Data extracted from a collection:
********************

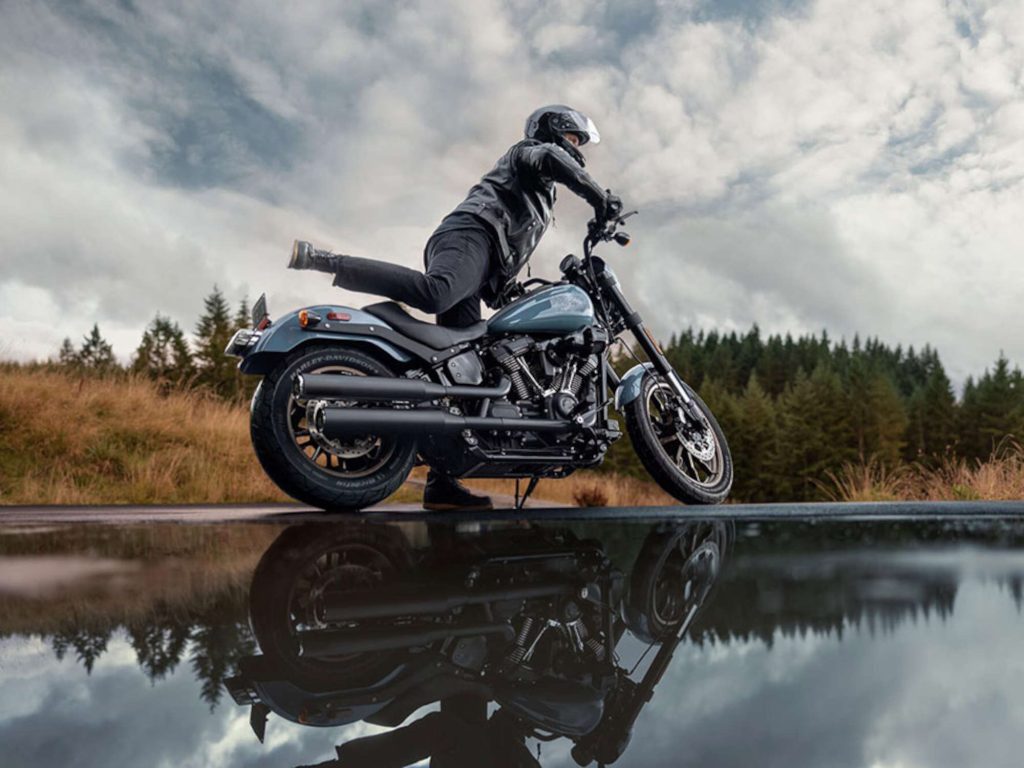 A person getting on a Harley-Davidson bike.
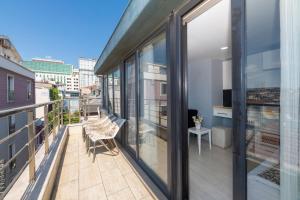 a balcony with glass doors and a chair on a building at Taksim Peri Suite in Istanbul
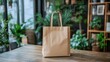 © Almahyra - Brown paper bag with pine branches on wooden table.
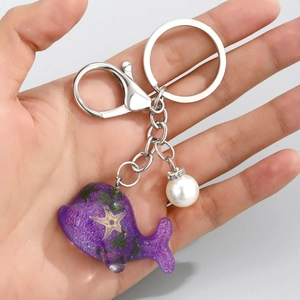 Détail du porte-clés baleine violette en résine avec étoile de mer, herbe et perle blanche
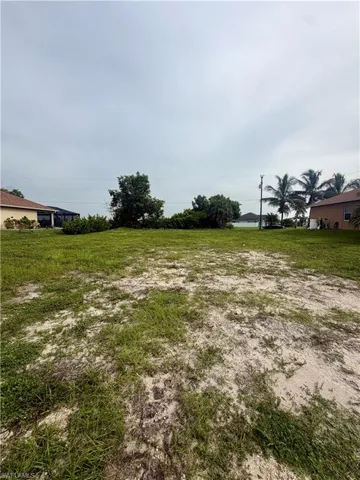 Expansive open lot featuring partial grass coverage and sandy ground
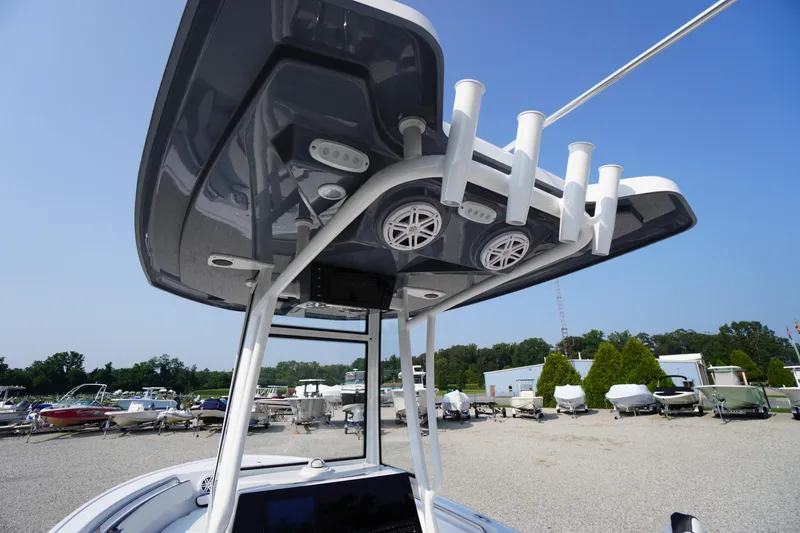 Slide: The Image of Tidewater 210 CC Adventure 2026 boat with T-top and rod holders in a marina setting. - 44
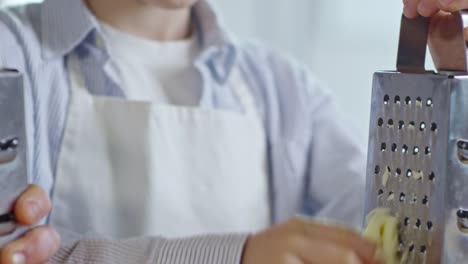 Diligent-Boy-Trying-to-Grate-Cheese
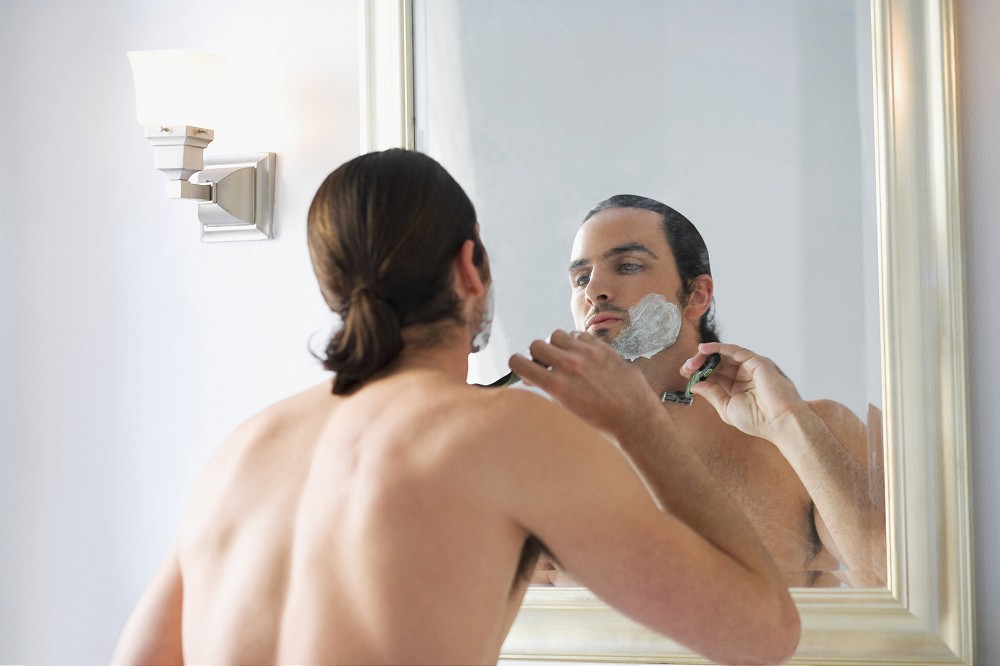 Rear view of a young man shaving his face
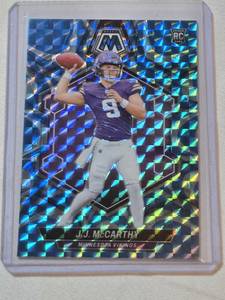 lot 212 image: J.J. McCarthy Rookie 2024 Panini Mosaic Blue Reactive Prizm #310 - Minnesota Vikings Football Card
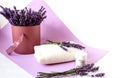 Bouquet of fragrant lavender flowers in a vase with a white bath towel and body cream, close-up, lilac background, place for the Royalty Free Stock Photo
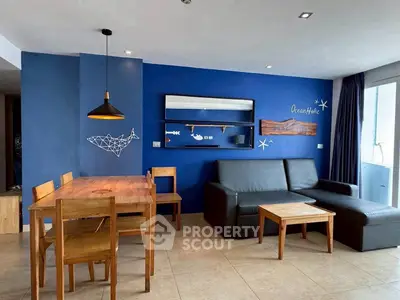 Stylish living room with blue accent wall and modern furniture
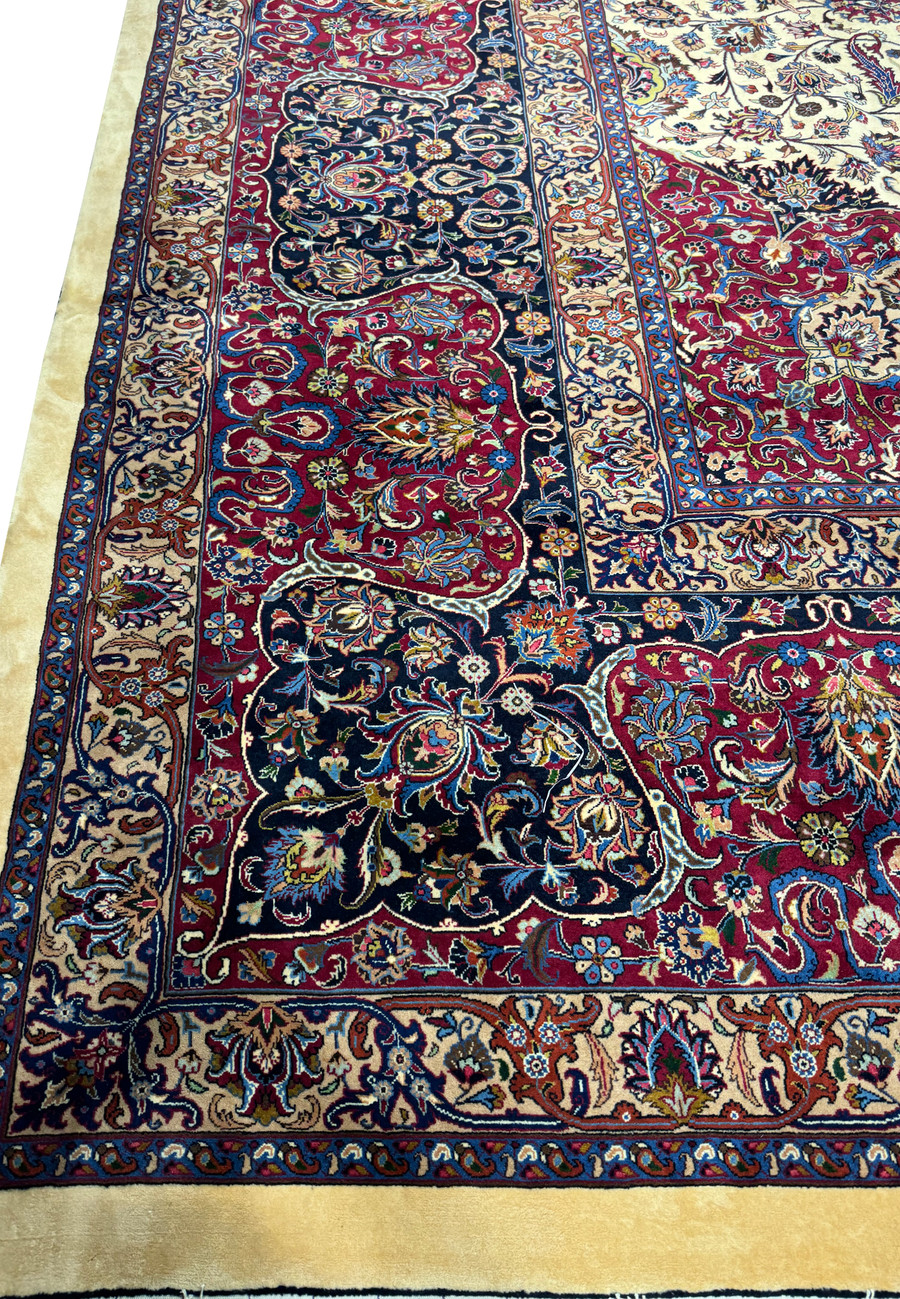 Focused view of the elaborate border on a Persian Mashad rug, displaying intricate floral patterns and vine scrolls in deep red, blue, and ivory, with meticulous weaving and traditional Persian design elements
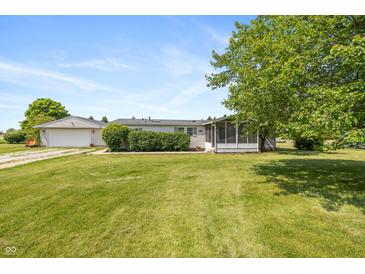 Exterior view of home with well-maintained lawn, detached garage, and screened-in porch at 1114 E 234Th St, Sheridan, IN 46069
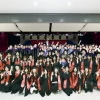 A large group of graduates in black caps and gowns with red stoles pose together indoors during a commencement ceremony, making the University of Arizona "Wildcat hand sign." Faculty and administrators stand behind them on stage, with festive red, white, and blue balloons decorating the space.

********************

▸ **WHAT IS REQUIRED**: When you come to the line containing "Rear view of a young man shaving his face" in the records above, repeat that line and all lines after it exactly, but not the pictures.

▸ **ANSWER SECTION**:
 Rear view of a young man shaving his face
 lot 212 image: J.J. McCarthy Rookie 2024 Panini Mosaic Blue Reactive Prizm #310 - Minnesota Vikings Football Card
 Bouquet of fragrant lavender flowers in a vase with a white bath towel and body cream, close-up, lilac background, place for the Royalty Free Stock Photo
 Stylish living room with blue accent wall and modern furniture
 Focused view of the elaborate border on a Persian Mashad rug, displaying intricate floral patterns and vine scrolls in deep red, blue, and ivory, with meticulous weaving and traditional Persian design elements
 Exterior view of home with well-maintained lawn, detached garage, and screened-in porch at 1114 E 234Th St, Sheridan, IN 46069
 A large group of graduates in black caps and gowns with red stoles pose together indoors during a commencement ceremony, making the University of Arizona "Wildcat hand sign." Faculty and administrators stand behind them on stage, with festive red, white, and blue balloons decorating the space.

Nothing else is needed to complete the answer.